(U-WIRE) WASHINGTON – Columbia University’s top-rated graduate school of journalism announced the creation of a new master of arts program in late March for veteran journalists to refine their knowledge in a chosen discipline — science, politics, economics and business.
The announcement breathed new life into a three-year-old debate started by the university’s president that, in reality, goes back much further — what is a journalism school supposed to teach budding reporters who will soon decide what the rest of us see and hear?
Lee Bollinger, Columbia’s new president in 2003, said journalism programs focus too much on developing specific skills, such as writing and composition, when more attention should be paid to broader intellectual development.
“Of all the criticisms of the press, one of the most serious … is the lack of context for stories,” Bollinger said in a memo that year to journalism school faculty.
Journalism students must learn what Bollinger called “foundational skills, but also a mastery of journalistic inquiry and expression at their highest, most sophisticated, level.” Nicholas Lemann, now the journalism dean at Columbia, said in a recent interview with Inside Higher Ed that the new Master of Arts program would emphasize “conceptual themes,” such as identity, justice and power, “that will help students whether they are later covering a local school board or the new Iraqi parliament.”
“We want to teach things [in the new program] that you cannot pick up on your own on the job,” he said. “It’s our supposition that people in this program will never be full-time at a university again in their jobs, but they will be in journalism for decades.”
Lemann said he expects the new program to be popular with experienced journalism students.
The program will select a class of about 20 students from the some 200 in Columbia’s existing journalism program for the fall 2005 semester. As the program develops, that number will grow to 60. Columbia’s traditional master of science degree in journalism will be a prerequisite to the new program, and it will continue to focus strongly on writing skills, Lemann said. But professors at other journalism schools said even as Columbia bills itself as a trendsetter in pushing the “intellectualization” of journalists, the school is actually playing catch-up. “What the Columbia changes mean is that those students who take the first year and then are accepted for the second year are going to get a kind of skills-liberal arts mix, more like the hybrid program in place in many journalism programs around the country,” said Sharon Dunwoody, president-elect of the Association for Education in Journalism and Mass Communication and journalism professor at the University of Wisconsin at Madison.
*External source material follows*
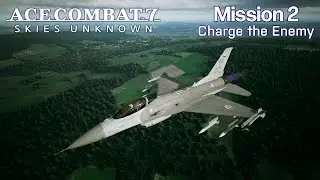 Ace Combat 7: Charging Lines &ndash; From Rookie to Ace Pilot Tactics@peakygeek-n2m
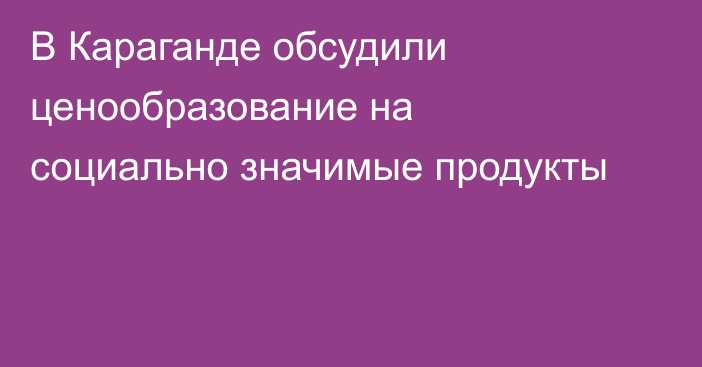 В Караганде обсудили ценообразование на социально значимые продукты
Still, few educators doubt the Columbia program’s potential to influence the way reporting is taught across the country.
“Because of the university’s location and prestige, whatever Columbia does will get noticed,” said Joe Graf, adjunct professor of journalism at George Washington University’s School of Media & Public Affairs. And most agree that a liberal arts curriculum and professional experience are both necessary in initiating young writers into the professional journalism community.
“A journalism program that skimps on its reporting, writing and editing curriculum serves its students no better than a medical school that goes easy on the anatomy lessons,” Thomas Kunkel, dean of the University of Maryland’s college of journalism, said in a 2003 edition of American Journalism Review.
“By the same token, a program that doesn’t firmly fix these skills within the context of journalism history, ethics and law, or that ignores the impact of new technology, is being just as shortsighted.”